What most people mean by tropical islands near the East Coast is simpler. They want warm water, clear color, sand that squeaks, and a slower pace. By that standard, all 15 islands below qualify.

  • Truly tropical: the Exumas, Turks and Caicos, Puerto Rico's islands, the U.S. Virgin Islands

  • Just barely tropical: Key West, the Dry Tortugas, Bimini, Harbour Island

  • Subtropical but convincing: Bermuda, Amelia Island, Cumberland Island, Jekyll Island, Hilton Head Island

Takeaway: If you want water that looks like a screensaver, aim south of Miami. If you want palm trees and a short drive, the Southeast barrier islands hold their own against the best beaches on the East Coast.

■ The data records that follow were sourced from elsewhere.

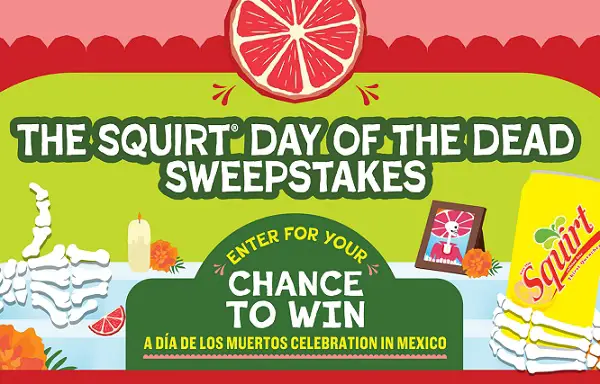 2026 Squirt Day of the Dead Sweepstakes: Win a $5,000 Mexico Trip for Two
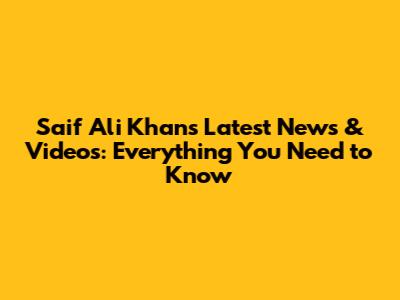 Saif Ali Khan's Latest News & Videos: Everything You Need to Know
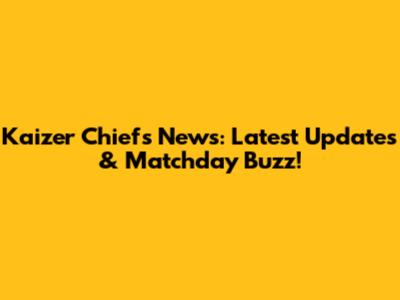 Kaizer Chiefs News: Latest Updates & Matchday Buzz!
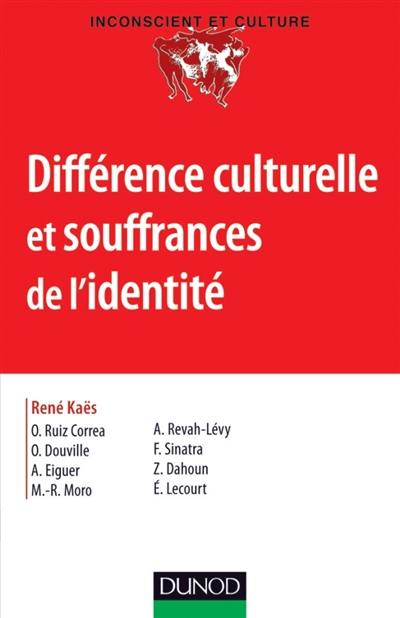 Différences culturelles et souffrances de l'identité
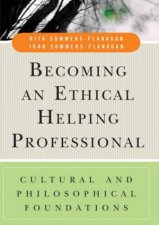 Becoming An Ethical Professional Cultural And Philosophical Foundations  Book  DVD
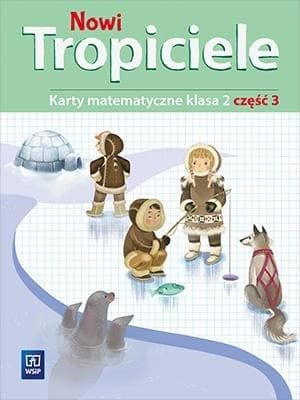 Nowi Tropiciele Matematyka klasa 2 część 3 Ćwiczenia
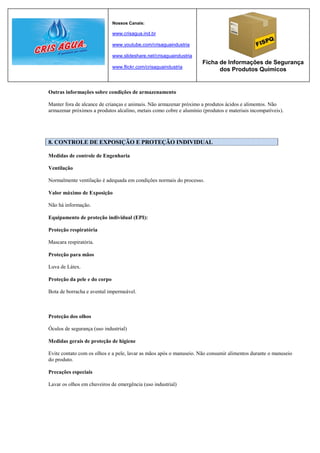 Nossos Canais:

                              www.crisagua.ind.br

                              www.youtube.com/crisaguaindustria

                              www.slideshare.net/crisaguaindustria
                                                                     Ficha de Informações de Segurança
                              www.flickr.com/crisaguaindustria
                                                                           dos Produtos Químicos


Outras informações sobre condições de armazenamento

Manter fora de alcance de crianças e animais. Não armazenar próximo a produtos ácidos e alimentos. Não
armazenar próximos a produtos alcalino, metais como cobre e alumínio (produtos e materiais incompatíveis).




8. CONTROLE DE EXPOSIÇÃO E PROTEÇÃO INDIVIDUAL

Medidas de controle de Engenharia

Ventilação

Normalmente ventilação é adequada em condições normais do processo.

Valor máximo de Exposição

Não há informação.

Equipamento de proteção individual (EPI):

Proteção respiratória

Mascara respiratória.

Proteção para mãos

Luva de Látex.

Proteção da pele e do corpo

Bota de borracha e avental impermeável.



Proteção dos olhos

Óculos de segurança (uso industrial)

Medidas gerais de proteção de higiene

Evite contato com os olhos e a pele, lavar as mãos após o manuseio. Não consumir alimentos durante o manuseio
do produto.

Precações especiais

Lavar os olhos em chuveiros de emergência (uso industrial)
 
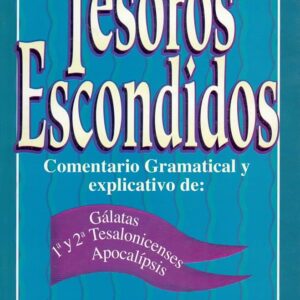 TESOROS ESCONDIDOS, TOMO 2, COMENTARIO GRAMATICAL Y EXPLICATIVO DE GÁLATAS, 1 Y 2 TESALONICENSES Y APOCALIPSIS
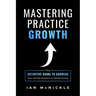 Mastering Practice Growth: The Definitive Guide to Growing Your Dental Practice or Dental Group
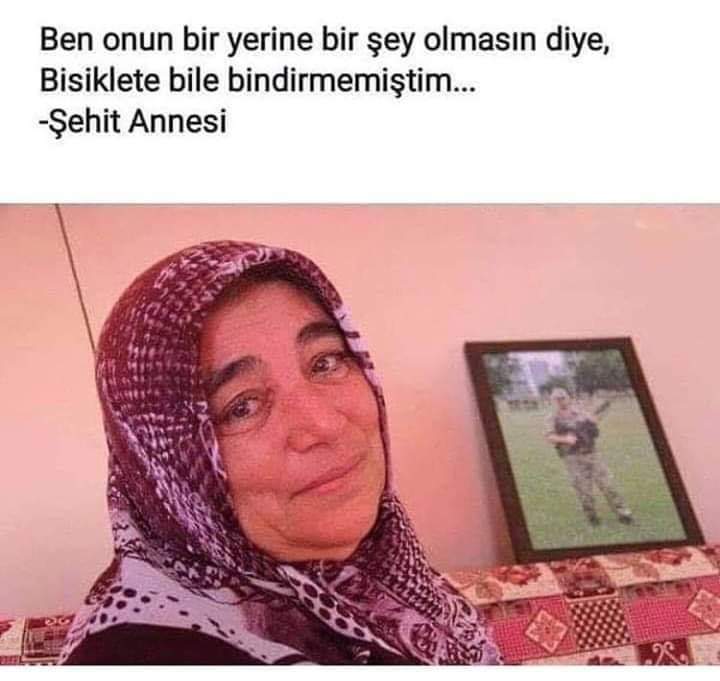 "Ben O'nun bir yerine bir şey olmasın diye,
Bisiklete bile bindirmemiştim."

   *ŞEHİT ANNESİ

How Far Off the East Coast Are These Islands?

Closer than most people guess. Bermuda sits alone in the Atlantic, but the flight from most major East Coast cities runs only a couple of hours.

Florida changes everything. Once you are in Miami or Fort Lauderdale, the islands off the coast of Florida are a quick hop, and the Caribbean opens up from there. Puerto Rico and the U.S. Virgin Islands take longer, but you never leave U.S. soil.

Island Group

Reached From

Rough Travel Time

Southeast barrier islands

Coastal Georgia, South Carolina, Florida

A drive, plus a short ferry for Cumberland Island

Bermuda

New York, Boston, Charlotte, Atlanta

About two to three hours in the air

Florida Keys

Miami

A few hours by car down the Overseas Highway

Bahamas

South Florida

Under an hour by air to the closest islands

Turks and Caicos

Miami, Atlanta, New York, Charlotte

Roughly two to four hours by air

Puerto Rico and USVI

Most East Coast hubs

Roughly three to four hours by air

If you are building a bigger trip, these islands pair well with a mainland leg. Plenty of travelers stitch them into a longer East Coast road trip and treat the island as the reward at the end.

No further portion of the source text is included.